Narayanasamy and Das are working to expand on the strengths of SquiggleFilter by developing a technique for universal pathogen detection. The key to this will be equipping MinION with the computing power and streamlined algorithms to distinguish and filter out human DNA, enabling it to identify and zoom in on non-human DNA. The goal is to be able to detect the presence of a pathogen and tell you which one it is, all in a matter of minutes.
Narayanasamy and his team believe this technique will be crucial in the detection and treatment of dangerous superbugs, such as Candida auris, which can cause rampant and severe illness in hospitals and other clinical settings. “If you are early in detecting the presence of a superbug in a hospital environment, you can take precautions to limit its spread,” he said.
The ability to rapidly detect and identify unknown pathogens could also help combat antibiotic resistance. By quickly identifying the cause of infections, providers will be able to better tailor treatments, thus reducing antibiotic overuse.
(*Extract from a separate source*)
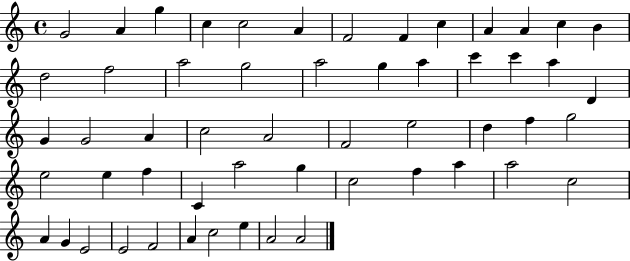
G4/h A4/q G5/q C5/q C5/h A4/q F4/h F4/q C5/q A4/q A4/q C5/q B4/q D5/h F5/h A5/h G5/h A5/h G5/q A5/q C6/q C6/q A5/q D4/q G4/q G4/h A4/q C5/h A4/h F4/h E5/h D5/q F5/q G5/h E5/h E5/q F5/q C4/q A5/h G5/q C5/h F5/q A5/q A5/h C5/h A4/q G4/q E4/h E4/h F4/h A4/q C5/h E5/q A4/h A4/h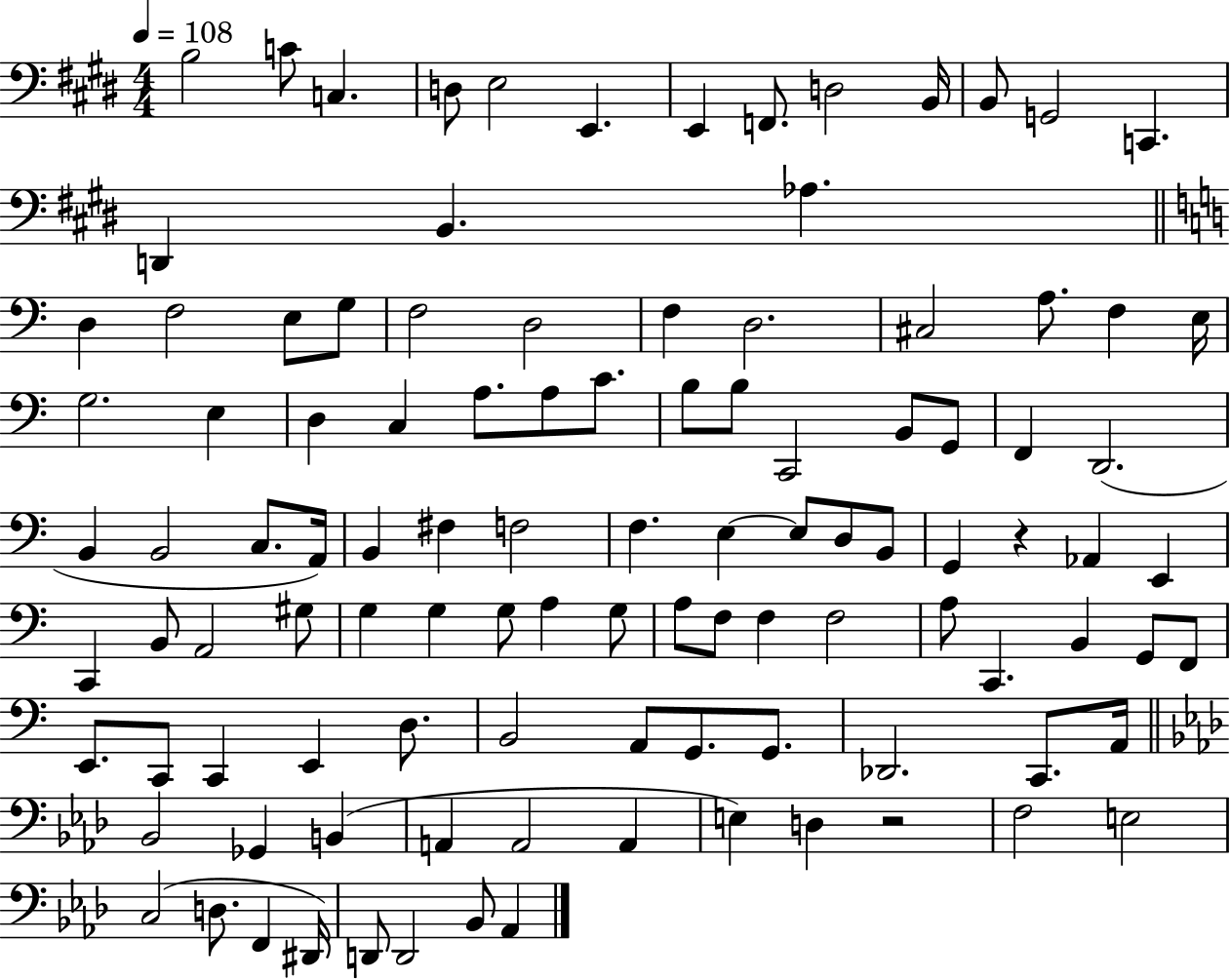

Opportunities for cancer diagnosis
Another area where rapid sample analysis and detection could have life-saving implications is in cancer diagnosis. By combining innovative technologies such as DNA amplification and rapid genome sequencing, Narayanasamy and his team have shown that it is possible to sequence the genome of target cancer cells in fewer than 30 minutes, allowing surgeons to make real-time treatment decisions shortly after or even during biopsy operations instead of waiting weeks for a diagnosis to begin treatment.
“Combining rapid DNA amplification with real-time data analysis significantly streamlines the process and enables quick and reliable cancer detection,” said Narayanasamy.
Current methods for intraoperative testing and diagnosis have serious limitations; they do not provide genomic data, often require multiple biopsy samples, and show low accuracy in detecting diffuse or infiltrative cancers.
Genomic sequencing, on the other hand, is both more accurate and provides a fuller picture of the molecular underpinnings of a given tumor. Such tests can determine which genetic mutations gave rise to the tumor, as well as helping predict the risk of recurrence. The current timeline for such diagnostic tests, however, is several days and even weeks, causing precious delays in treatment.
As part of their NSF-funded project, the researchers are working to enable more rapid diagnosis during surgery by leveraging MinION’s long-read sequencing abilities. Rather than using PCR for DNA amplification, their proposed approach employs a technique called loop-mediated isothermal amplification (LAMP), which is significantly faster but more error-prone than traditional methods. By coupling LAMP with real-time computational error correction, Narayanasamy and his team have shown that this is a much speedier and more feasible means of detecting cancer mutations.
“Combining rapid DNA amplification with real-time data analysis significantly streamlines the process and enables quick and reliable cancer detection,” Narayanasamy confirmed. “This could mean quicker decision-making during surgery and thus more timely treatment.”
Moving forward
While Naryanasamy and Das have come a long way in the development of next-generation genome sequencing technology, there is still work to be done. Now, with the aid of a $900,000 grant from the National Science Foundation (NSF), the team’s journey continues as they work toward optimizing these systems for practical use in medical settings. Their focus remains on refining the computational algorithms and hardware they have pioneered, propelling these advances from the research lab to the real world.
Narayanasamy and Das’s innovative approach to hardware-software co-design stands to revolutionize the speed, accuracy, and scope of genome sequencing. With applications in rapid, universal pathogen testing and intraoperative cancer diagnostics, their research is ushering in a new era in precision medicine.